The second “rupture” is that experienced by the believer in Christ. As Romans 6 teaches, our baptism unites us with Jesus’ death and resurrection. To be justified by faith is to know now the final pronouncement of forgiveness and vindication on account of Christ’s death and resurrection. In other words, our baptism unites us to the first “rupture” (Christ’s death and resurrection) and prefigures/pre-empts the third “rupture” (of final judgment).
My suggestion is that this then provides us with a framework for reconciling texts warning of the stark distinction between believers and non-believers with those which appear to promise a wider salvation.

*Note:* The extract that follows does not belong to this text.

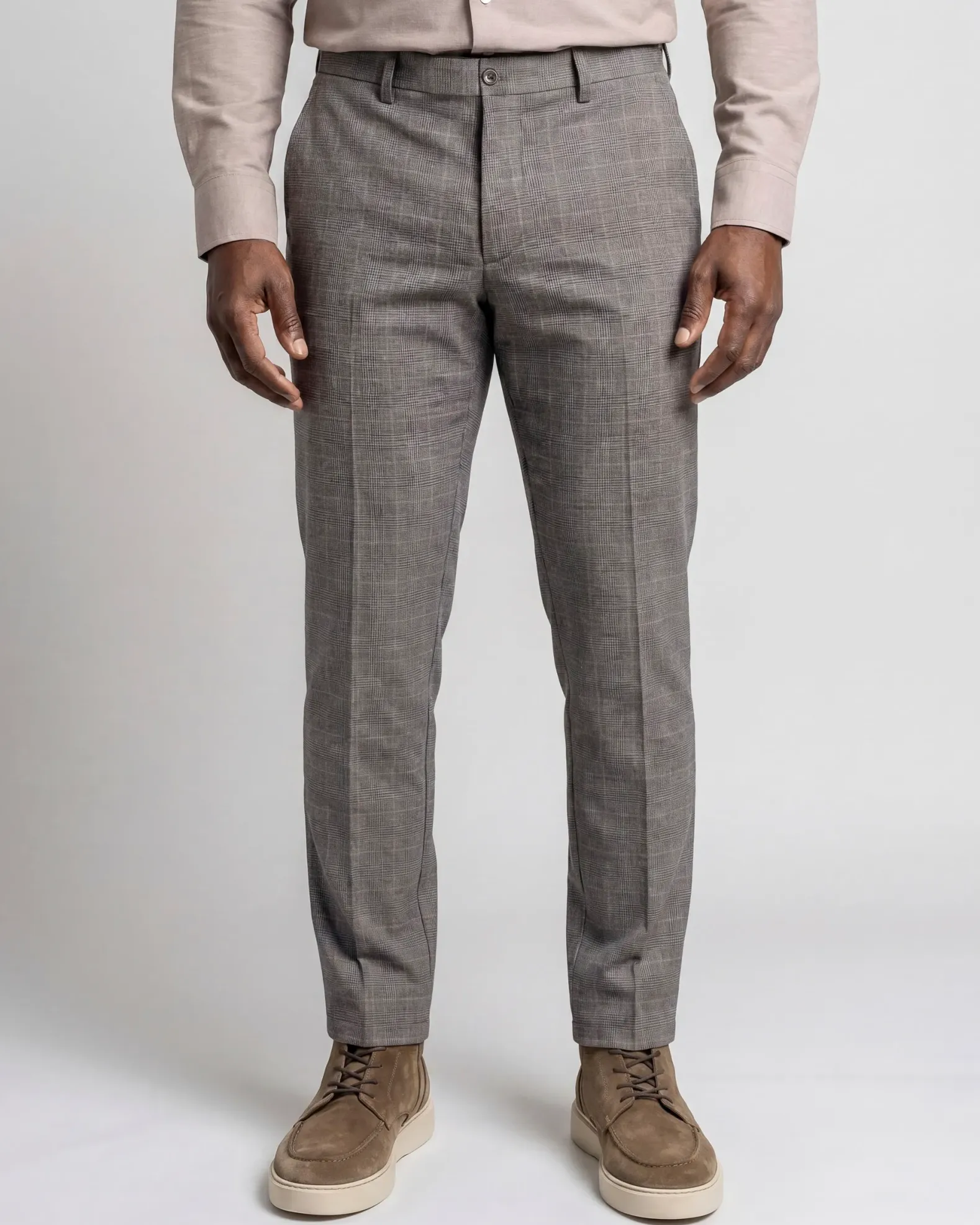 Campbell Chino Henry Check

Take a text such as John 3:18:
Those who believe in him are not condemned; but those who do not believe are condemned already, because they have not believed in the name of the only Son of God.
I suggest that this should be seen as a statement of the present condition of those two groups, as shown towards the middle of the diagram. For the believer, there is the assurance of knowing that our condemnation and judgment lie in the past, in our baptism that unites us to Christ’s death and resurrection. However, for those who do not believe, there is only the present judgment of God and a path leading to the depths of condemnation and judgment.
However, beyond that we see other texts, texts which perhaps tell us that the word of condemnation is not the last word for those who die without faith in Christ. Texts such as 1 Corinthians 15:23-24a (using the NRSV’s marginal reading):
But each in his own order: Christ the first fruits, then at his coming those who belong to Christ. Then come the rest…
The three paths on my diagram can be seen as corresponding to what is described in this text: Christ the first fruits; those who belong to Christ; “the rest”. Or Romans 11:32:
For God has imprisoned all in disobedience so that he may be merciful to all.
…so that at the name of Jesus every knee should bend, in heaven and on earth and under the earth, and every tongue should confess that Jesus Christ is Lord, to the glory of God the Father.
And the point is that in each case you can only get to the right-hand side of the rupture by going through the left-hand side: Christ’s resurrection followed his humiliation and death; the resurrection of our justification follows the death of our baptism; and the route to the promise of universal salvation – if that’s what it is – passes through the warnings and experience of divine judgment, so that we cannot preach the latter without the former.
Anyway, those are just a few sketchy thoughts – but they do seem to suggest a way in which the death and resurrection of Jesus, the present justification of Christians and the future judgment – and salvation? – of all can be tied together. I’d be interested to know what people think.